[SOLVED] `forall {..}` in GHC 9

`forall {..}` in GHC 9

This is valid syntax in GHC 9. What do the {..} mean (as distinct from (..) which GHC 8.10 requires here)?

ign :: forall {f :: Type -> Type} {p}. Applicative f => p -> f ()
ign _ = pure ()

Solution

See 6.4.14.1. Inferred vs. specified type variables:

Since the 9.0.1 release, GHC permits labelling the user-written type or kind variables as inferred, in contrast to the default of specified.

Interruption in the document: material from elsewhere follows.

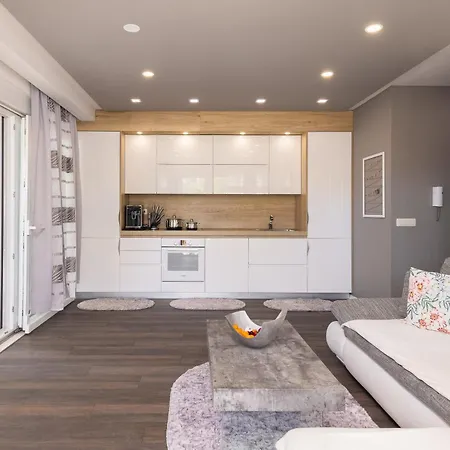 Lore With Private Garage Apartament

By writing the type variable binder in braces as {tyvar} or {tyvar :: kind}, the new variable will be classified as inferred, not specified.

.. is a specified type
{..} is an inferred type

forall a. and forall {a}. are invisible quantifiers that GHC will instantiate automatically by unification.

const :: forall a b. a -> b -> a
const a _ = a

This means const True EQ instantiates a (@Bool) and b (@Ordering) without the users help.

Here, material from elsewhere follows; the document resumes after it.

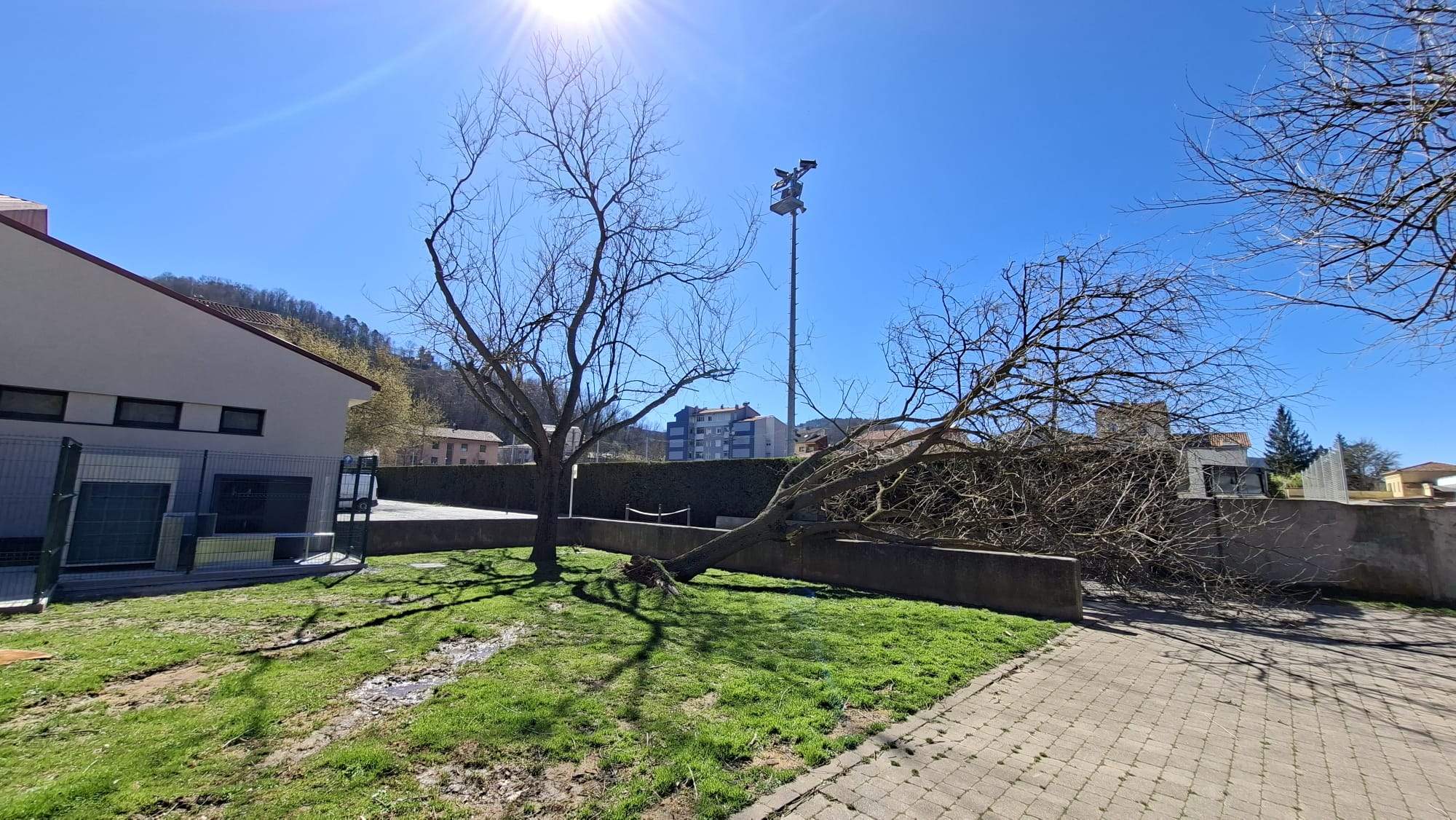 Més de 5.000 clients sense llum a les comarques gironines per les fortes ratxes de vent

If the user wants to explicitly instantiate them they can "override their visibility", using visible type applications. That's why they are specified types. (although "specifiable" might be a more accurate terminology)

>> :set -XTypeApplications
>> :t const @Bool @Ordering True EQ
const @Bool @Ordering True EQ :: Bool

If for some reason we only want to specify b (without summoning the "snail squad": @_, umm "partial type signatures") we can make a an inferred type. Then the first type is dropped

const2 :: forall {a} b. a -> b -> a
const2 a _ = a

>> :t const2 @Ordering True EQ
const2 @Ordering True EQ :: Bool

For your example it means ghc must infer the type of f and p. You cannot write ign @IO @Int.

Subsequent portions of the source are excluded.